Malgrado questo, noi spettatori non possiamo essere sicuri di quanto la visione di John sia reale e quanto sia il parto di una mente ormai malata e irrimediabilmente distorta. Al di là del populismo di Greg Stillson e dei suoi metodi criminali, non abbiamo indizi che ci possano portare a credere che sia capace di causare una guerra atomica. Lo diamo per scontato, poiché fino a quel momento alcune previsioni di John si sono rivelate esatte. Ma Johnny Smith è "nuova carne" o semplicemente vittima di un "Dio Immagine" dalle forti capacità affabulatrici? È proprio da questo punto in poi che il film diventa moralmente ambiguo ed è così che si inserisce la critica all'immagine che Cronenberg effettua senza riserve, che sia quella televisiva o quella cinematografica.
Il regista, con abile mossa, mette in dubbio la veridicità dell'immagine cinematografica, quella stessa veridicità che spinge lo spettatore a prendere le parti del protagonista in nome di un'oggettività che in realtà non c'è. La macchina da presa, hollywoodianamente, diventa narratore onnisciente, tanto da far credere che quello che mostra sia, in ogni caso, la verità, fino a sostituirsi ai sensi dello spettatore. Un occhio che inquadra, a suo modo, una realtà più reale del reale.
A differenza di Videodrome però, dove questa critica coinvolgeva solo l'immagine televisiva e individuava in quella cinematografica la cura, in The Dead Zone Cronenberg arriva a una critica totale dell'immagine, che attua attraverso la rappresentazione stessa.
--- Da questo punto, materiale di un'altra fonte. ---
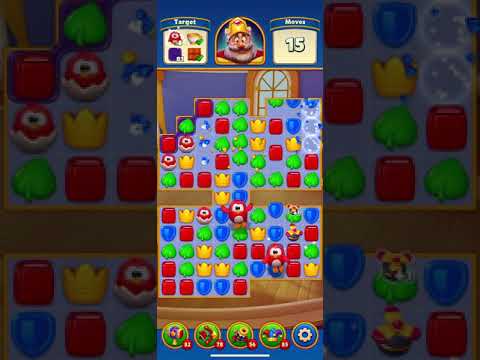 Royal Match LEVEL 2098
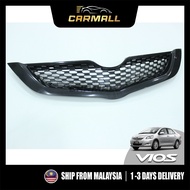 Toyota Vios (2nd Gen) Belta Front Grill Dugong Grill 2007-2012 XP90 NCP93 Belta Dugong 2nd CarMall C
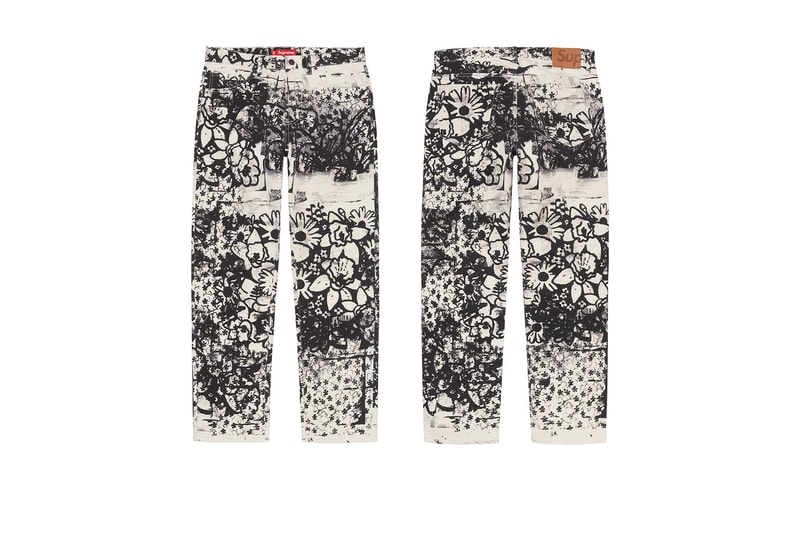 Supreme 2021 秋冬褲款系列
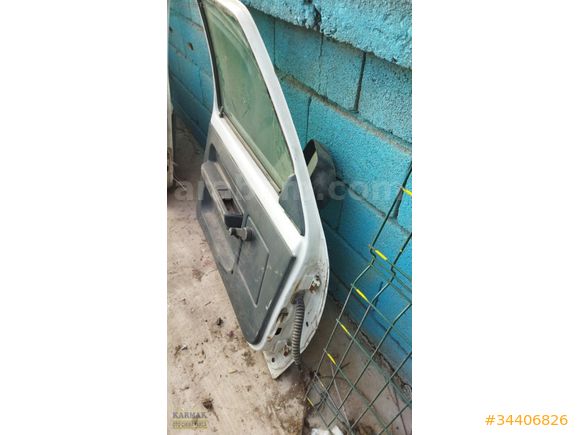 Renault express sol ön kapı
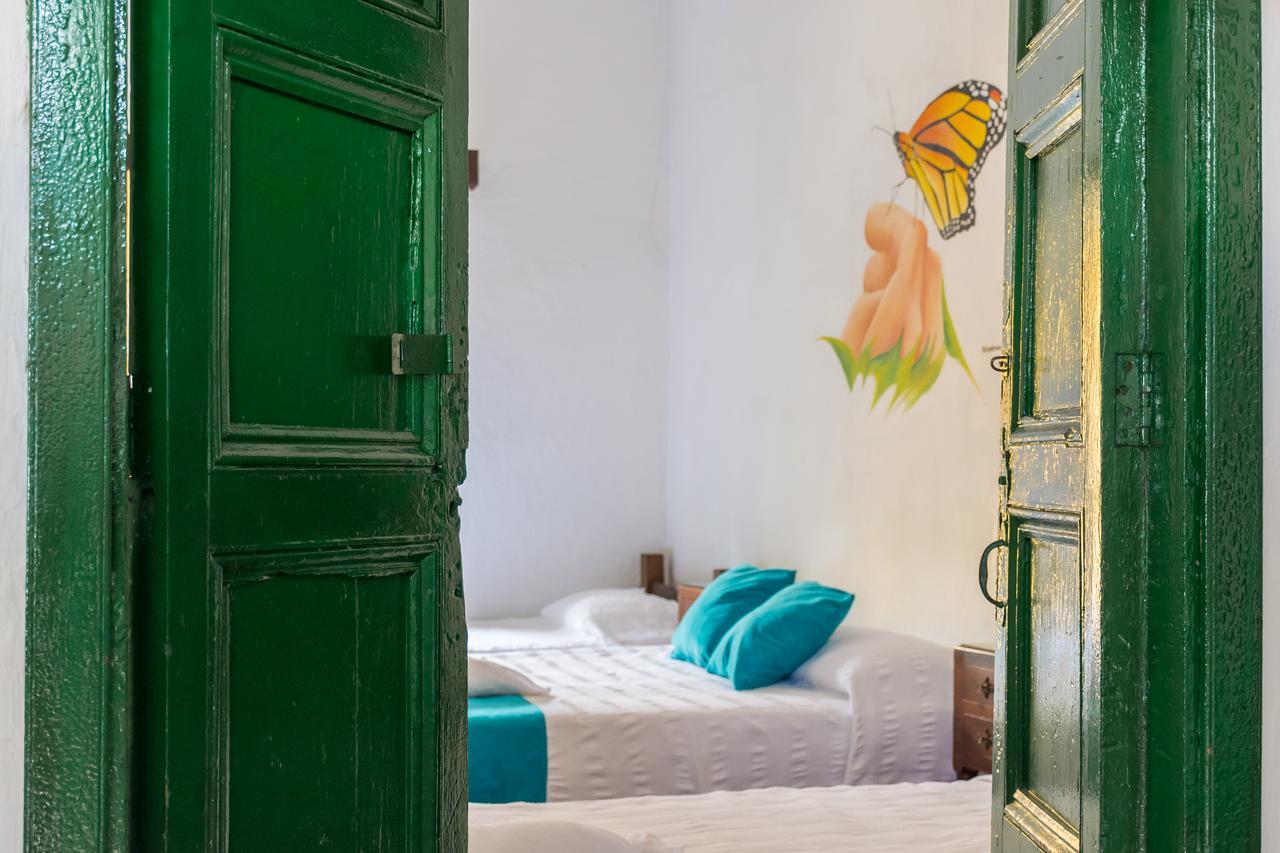 La Mansion Hostel San Gil Exterior photo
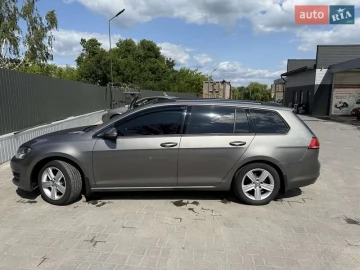 Авто Volkswagen Golf 2015 № 7762260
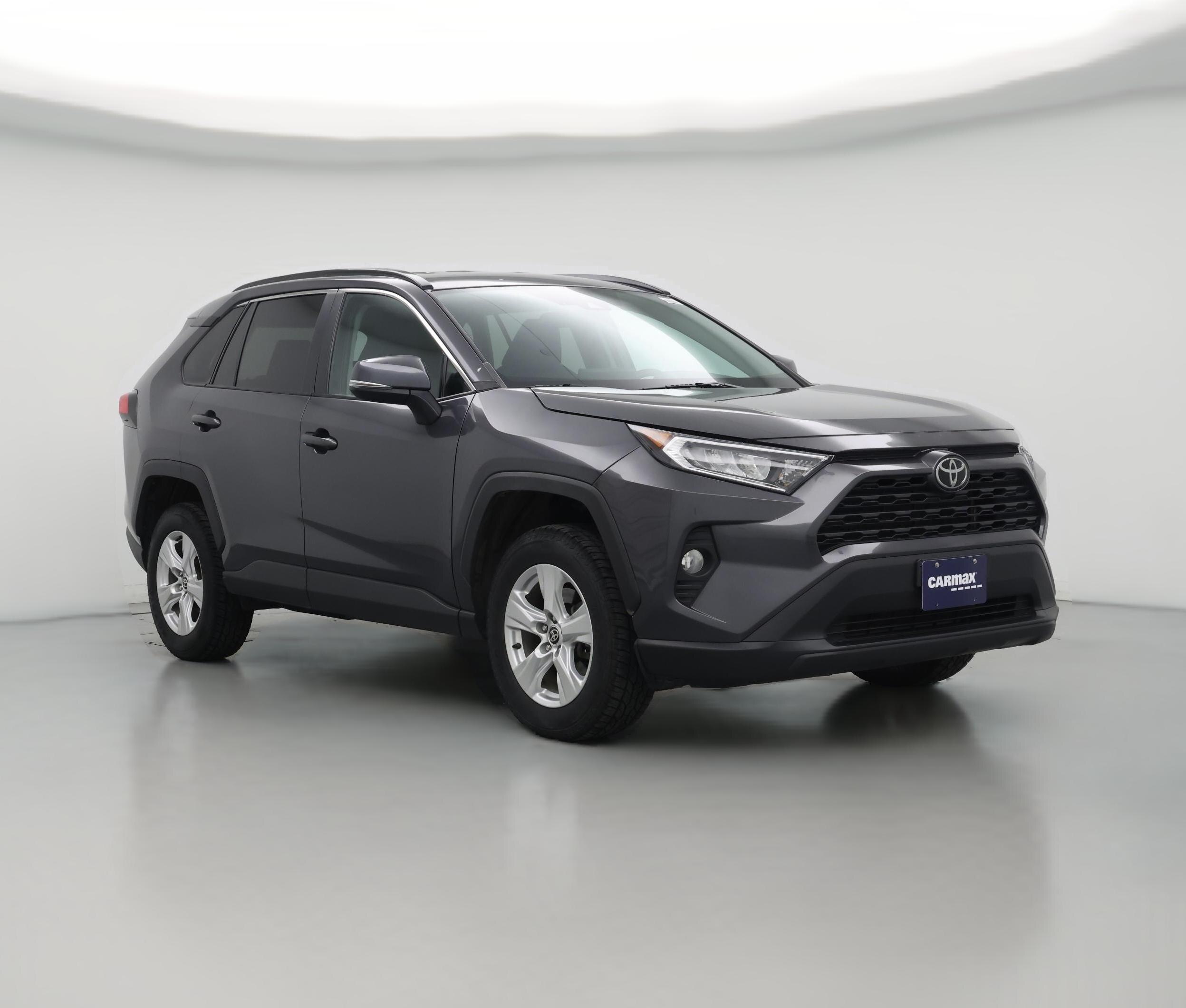 Thumbnail: 2021 Toyota RAV4 - 1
Johnny Smith non è, come si è erroneamente pensato, un personaggio positivo. Non è uno degli elementi dicotomici alla base del film. Johnny Smith è vittima di una mitizzazione dell'immagine, dovuta alla mancanza di senso critico dello spettatore, che non s'interroga più su ciò che è vero e ciò che non lo è. L'universo materialistico in cui Cronenberg si muove non ha posto per elementi salvifici e redentori.
La zona morta che dà il titolo al film diventa, quindi, metaforicamente il punto franco che consente allo spettatore uno sguardo dubbioso su quello che lo circonda, un modo per svelare l'ambiguità della comunicazione nell'epoca della comunicazione globale. Un importante passo in avanti che troverà nei lavori successivi del regista una conferma (passando per eXistenZ e arrivando a A History of Violence).
Nonostante le tematiche non certo di facile intuizione, il film si lascia apprezzare non solo per un certo gusto melò ma anche grazie ad un cast di alto livello e (quasi) sempre all'altezza. Unica nota stonata, forse, la monoespressiva Brooke Adams.
La regia è asciutta, ma non mancano sequenze oniriche e dal forte impatto emotivo, quasi un marchio di fabbrica del regista.
Non è di certo la prova più riuscita nella cinematografia del regista, quasi a disagio con una sceneggiatura non sua, ma è un importante esempio di grande produzione che non rinuncia ad aspirazioni autoriali.
Come per quasi tutti i film di Cronenberg, molte riprese sono state effettuate in Canada, nei paesi Orono e Whitevale. Altre invece sono state effettuate nei pressi delle cascate del Niagara, al confine tra Ontario e Maine. L'ambientazione provinciale si discosta da quella metropolitana su cui ha sempre lavorato il regista.
La colonna sonora del film è di Michael Kamen (autore delle musiche di Venom, film diretto da Piers Haggard e Tobe Hooper) e non del solito Howard Shore. Cosa strana se si pensa che David Cronenberg ha sempre lavorato con la solita equipe in tutti i suoi film. La scelta venne fatta a causa di alcune politiche della produzione, affidata alla Paramount Pictures.
Le musiche sono cupe e ben si adattano alle atmosfere del film e al finale, tragicamente ambiguo.
Il film, tra quelli più di successo del regista, ha vinto un Saturn Award come "miglior film horror".
Oltre al lavoro di Cronenberg, il libro di Stephen King ha ispirato una serie televisiva di dubbio valore.